One thing that this made me realize, and bear with me on this, is that the Reagan and Bush tax cuts only gave the illusion that they were shrinking government and fixing our problems as neither President actually shrank the size of the federal government (Outlays as a % of GDP only went down marginally under Reagan and grew magnificently under W). They made it seem like everything was okay and might have actually done harm as people felt less urgency to make the structural reforms that this economy needed to attract jobs.

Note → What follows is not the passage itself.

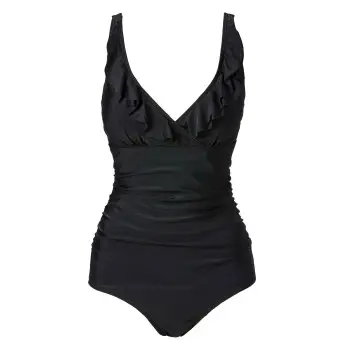 Trofe Rimini Solid Swimsuit Sort 38 Dame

Don't get me wrong, I love tax cuts, I think taxes are essentially just highway robbery by the government, however tax cuts without spending cuts are just smoke and mirrors. Government is still bigger than ever and eventually you will have to pay those increased deficits with increased taxes. Republican administrations seem to have wanted the best of both worlds, they wanted to tax like Republicans but spend like Democrats, giving a double dose of Keynesian stimulus to make the numbers look good.
But none of that was real and has delayed the reforms that we have needed to fix the system. They were looking to maximize short term outcomes at the expense of the long term. Instead of thinking, "hey, everything is fine, the economy is growing at 3 or 4% a year" they should have been thinking "how do we attract businesses to move their factories to the United States". Or "how do we get America actually making stuff again"? Perhaps without those deficit fueled booms, we might have lower regulations and lower corporate taxes today, which would keep companies from relocating to Ireland or Bermuda or moving their manufacturing to India and China.
I'm sure some liberals looking at those graphs will conclude quite the opposite of what they should conclude. They will probably think that Obama did a great job with his massive stimulus in keeping our economy out of a deep depression. No, what he actually did was delay the market clearing processes that are required for this economy to really get back on its feet. And as we are seeing in Europe, chronic deficit fueled growth can't go on forever, eventually investors just stop giving you money. Remember, when you are growing your debt by over a trillion a year, that means you need to find a trillion dollars worth of additional investor money per year. Places like China don't even need to cut back their existing hordes of treasuries to create a crisis, they probably just need to stop adding to their hordes to create a crisis. We are just one failed bond auction away from a real $hitshow.
Republicans need to get it through their thick skulls that they need to stop just running on tax cuts without actually limiting the size and scope of government. They are doing our children a great disservice by doing so and should know better. They claim to have read people like Ayn Rand and Hayek but have failed to actually put anything like that into practice. I would try to give Democrats a lesson but I'm convinced that is a lost cause. I actually think many of the Democratic elites are actually gunning to make America a failure and a second rate country.